There is not enough evidence to say for certain whether healthy women need routine pelvic exams, according to new recommendations published in JAMA by the influential U.S. Preventive Services Task Force (USPSTF).
Pelvic exams typically examine the cervix, reproductive organs, and rectum. According to Reuters, doctors use the exams to look for certain sexually transmitted infections (STIs), pelvic inflammatory disease, fibroids, and cysts. The exams also screen for cancers of the uterus, cervix, and ovaries.
This is the first time USPSTF has issued recommendations on pelvic exams. For the assessment, the task force reviewed eight studies on the topic—the only research that has been published since the late 1940s. Ultimately, USPSTF said the studies don't conclusively show the benefit or accuracy of the exams, nor do they establish how frequently women are harmed by false-positive results that can lead to unnecessary tests and procedures. The panel called for more research on the topic.
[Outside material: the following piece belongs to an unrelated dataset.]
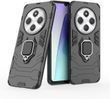 Чехол Iron Ring для Xiaomi Poco C75 противоударный бампер с подставкой кольцом Black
USPSTF advised women to confer with their doctor about when and how often to receive a pelvic exam based on their medical history, age, and other factors, NPR's "Shots" reports. The group also said the guidelines don't apply to pregnant women, Pap tests for cervical cancer, or screenings for certain STIs.
Maureen Phipps, a women's health researcher at Brown University, said, "The USPSTF strongly recommends that women be screened for cervical cancer, so we understand that women will receive a pelvic exam in that circumstance." She explained, "This new recommendation statement is about whether the pelvic exam by itself is a useful tool to screen for a variety of other gynecologic conditions."
The new USPSTF guidelines conflict with guidance from American College of Obstetricians and Gynecologists (ACOG), which recommends that women 21 and older receive a pelvic exam annually. But in a statement issued Tuesday, ACOG said it plans to reevaluate its recommendations based on the USPSTF report.
In 2014, the American College of Physicians (ACP), citing a lack of evidence and the potential harms of false positives, said routine pelvic exams should not be used as a screening tool for ovarian cancer among women with no symptoms.
In an editorial accompanying the USPSTF guidelines, George Sawaya of the University of California, San Francisco (UCSF), wrote that because of the conflicting guidance, doctors should inform patients of the uncertainty surrounding pelvic exams and discuss whether they are appropriate as needed. For instance, he said such exams may be appropriate if women have certain symptoms, such as unusual pelvic pain.
Sawaya also praised USPSTF's call for further research, writing that it is important that preventive care recomendations be supported by strong evidence. "We don't want to harm well people in our pursuit of trying to make them more well in the future," he wrote.
Kirsten Bibbins-Domingo, an internist and epidemiologist at the UCSF who chaired the panel said although the evidence for pelvic exams is inconclusive, women should not hesitate to get the care they need. "If a woman has concern about anything going on with her body she should absolutely schedule a visit with her doctor, and doctors should do the appropriate exams to understand symptoms," she advised (Neighmond, "Shots," NPR, 3/7; Rapaport, Reuters, 3/7).